What is Glacial Modelling? Current Research Projects Who is working on this?

What is Glacial Modelling?

A model is a simplification of a complex set of natural processes (which in our case result in the glaciation of a landscape) into a system where the processes have been separated and quantified. It is created by gathering information from observation which is then used to define relationships between different variables, e.g. how does temperature vary with elevation? How do ice flow rates vary with ice thickness and surface slope?

Once the model has been created it can be tested by simulating a known situation and comparing the simulation with reality, making sure that the comparison is against data that have not been used to create the model in the first place! The more thoroughly a model is constrained by actual measurements taken from nature, the more confidence we have in the output.

Once set up, the input data and model parameters can be changed to test different outcomes.

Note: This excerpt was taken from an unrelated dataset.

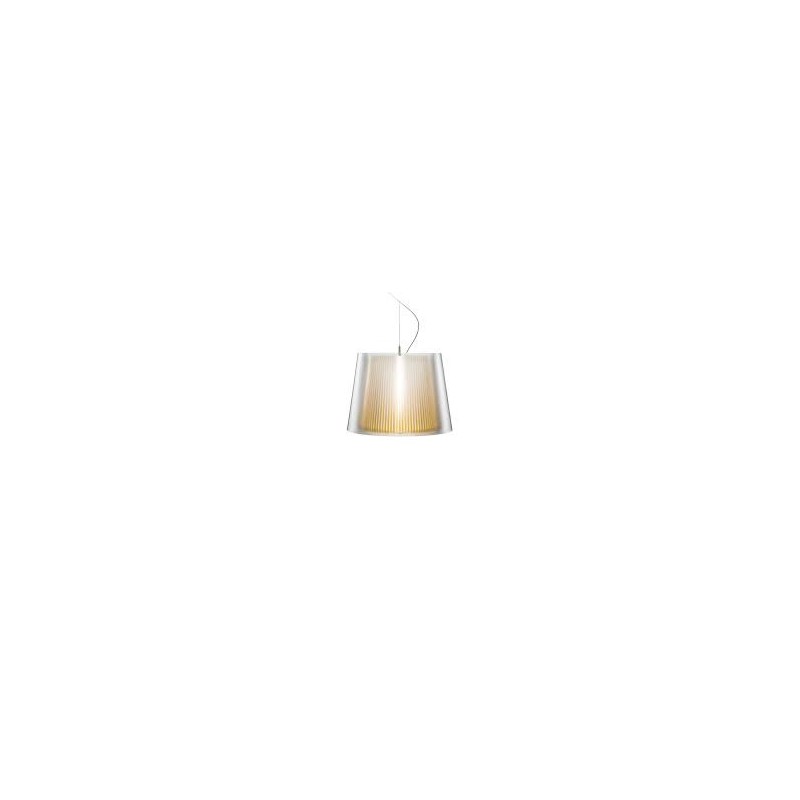 Liza sospensione yellow e27 45x45xh33cm Liza sospensione yellow e27 45x45xh33cm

This allows the investigation of significant cause and effect relationships and can provide insight into the most important processes driving a system. A good model is therefore a very powerful tool for purposes of understanding, experimentation and prediction. For example, a glacier model could be used to identify the most important climate variables that affect ice volume and extent. Or it could be used to identify the climate conditions needed for the glacier to reach moraines that were deposited in the last ice age. The impact of present and future climate change on glaciers can also be investigated. Glacier models can be driven by climate proxy information (such as ice core, speleothem or palaeoecological reconstructions), and/or can be coupled to broader models of atmospheric and/or oceanic circulation.

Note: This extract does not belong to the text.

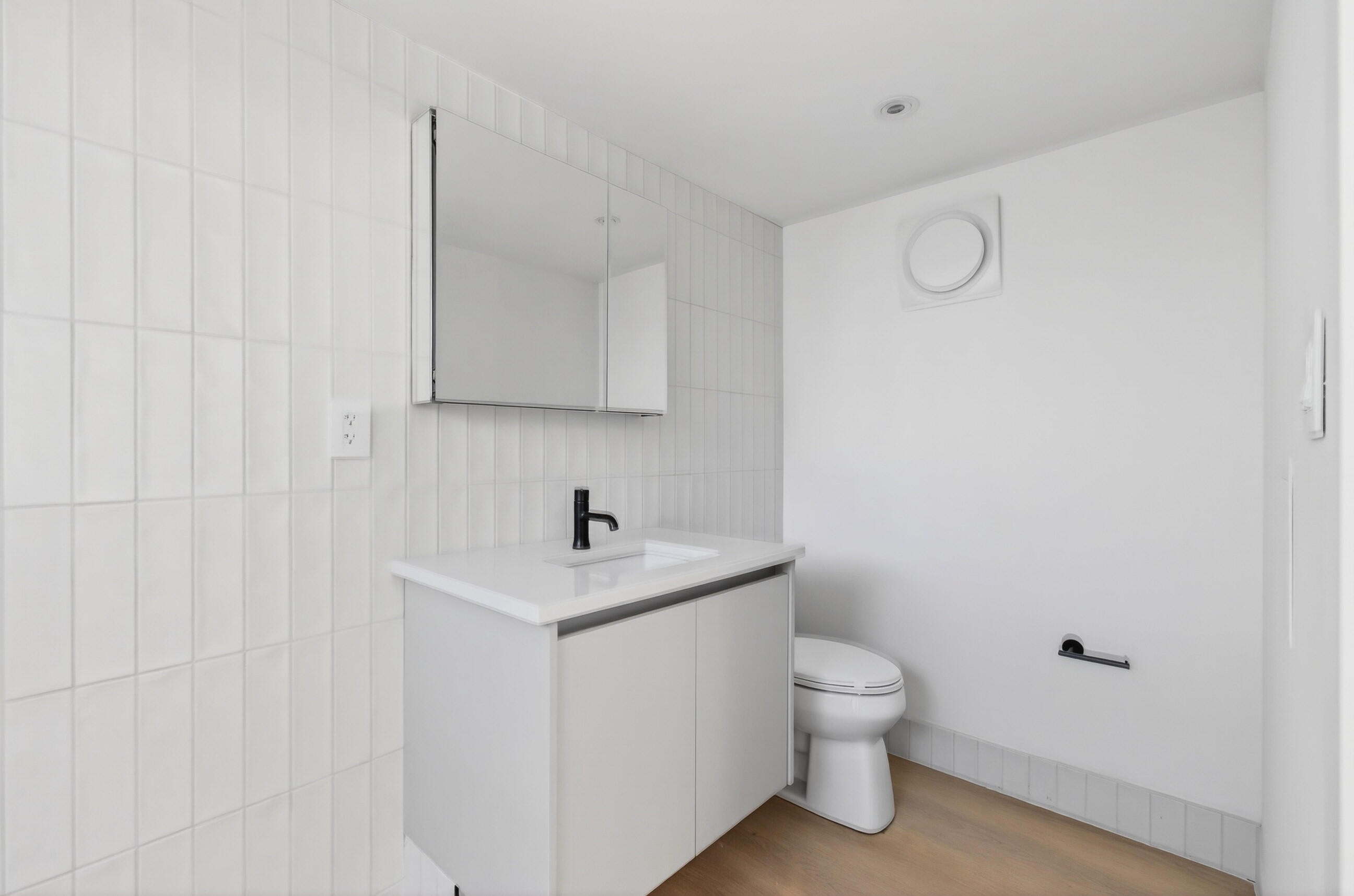 Alta Mar - Residential Lease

Models are becoming increasingly significant for planning for the future in many areas of social and economic life such as agriculture, medicine, insurance, energy generation and transport. In the Antarctic Research Centre, our glacier modelling programme is helping with investigations into the way Southern Hemisphere glaciers respond to past, present and future climatic changes . This work, the only of its kind in New Zealand fills a knowledge gap in the understanding of Southern Hemisphere mid latitude climate processes.

Current Research Projects

A main focus of our research at present (2007 – 2008) is to reconstruct glacier coverage and climate in New Zealand and Tasmania during the last 30,000 years by numerical modelling. This project is supported by the New Zealand Marsden Fund and the Comer Science and Education Foundation.

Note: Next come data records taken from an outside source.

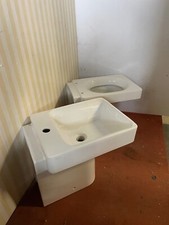 BIDET A TERRA  KERSAN MOD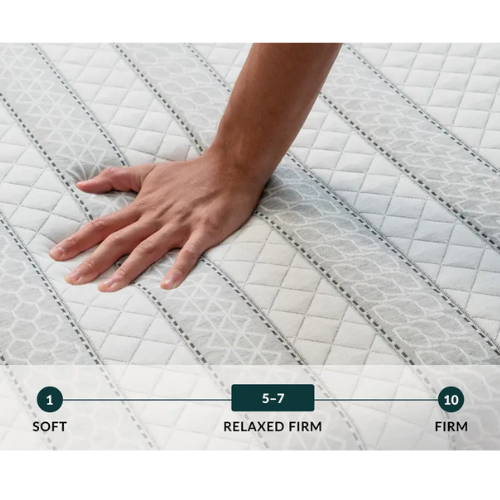 Sapira Hybrid Mattress by Leesa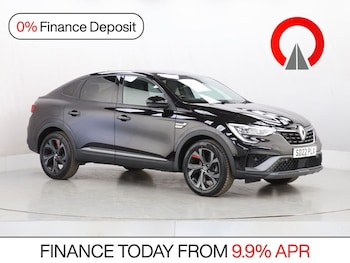 Used Renault Arkana 2022 for sale - 79529922: Photo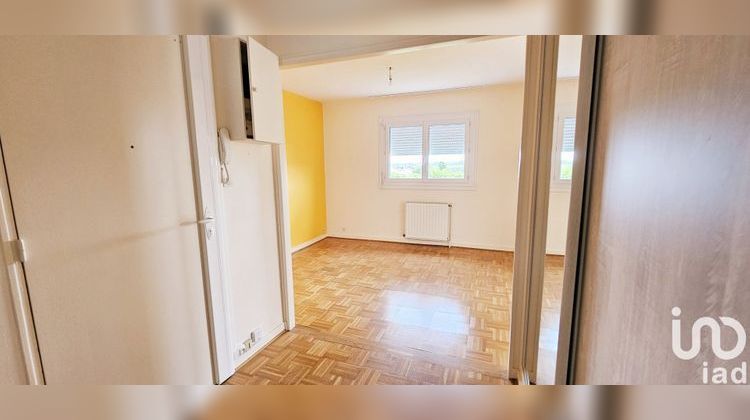 Ma-Cabane - Vente Appartement Rochefort, 88 m²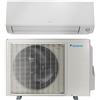 DAIKIN RXM50A8 + FTXM50A Kit Monosplit a Parete Perfera All Seasons Bluevolution R32 con Wi-Fi e Flash Streamer - 5.0 kW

Although this project is largely based on modelling, detailed field research on glaciers in the Southern Alps of New Zealand, along with other glaciological and geological research such as moraine mapping and annual aerial surveys of snow lines and glacier extent is being used to constrain our modelling reconstructions.

Background

Temperate alpine glaciers are sensitive indicators of changing temperature and precipitation. They have moulded the Southern Alps in New Zealand and the highlands of Tasmania, both of which are situated in the path of the “Roaring Forties” westerly winds and near the boundary between subtropical and sub-Antarctic ocean waters. During the last 10 years significant progress has been made on the age dating and mapping of glacial deposits and landforms in both areas, offering superb geological records of glacier fluctuations spanning the last 30,000 years. (http://maps.gns.cri.nz/website/csigg/ )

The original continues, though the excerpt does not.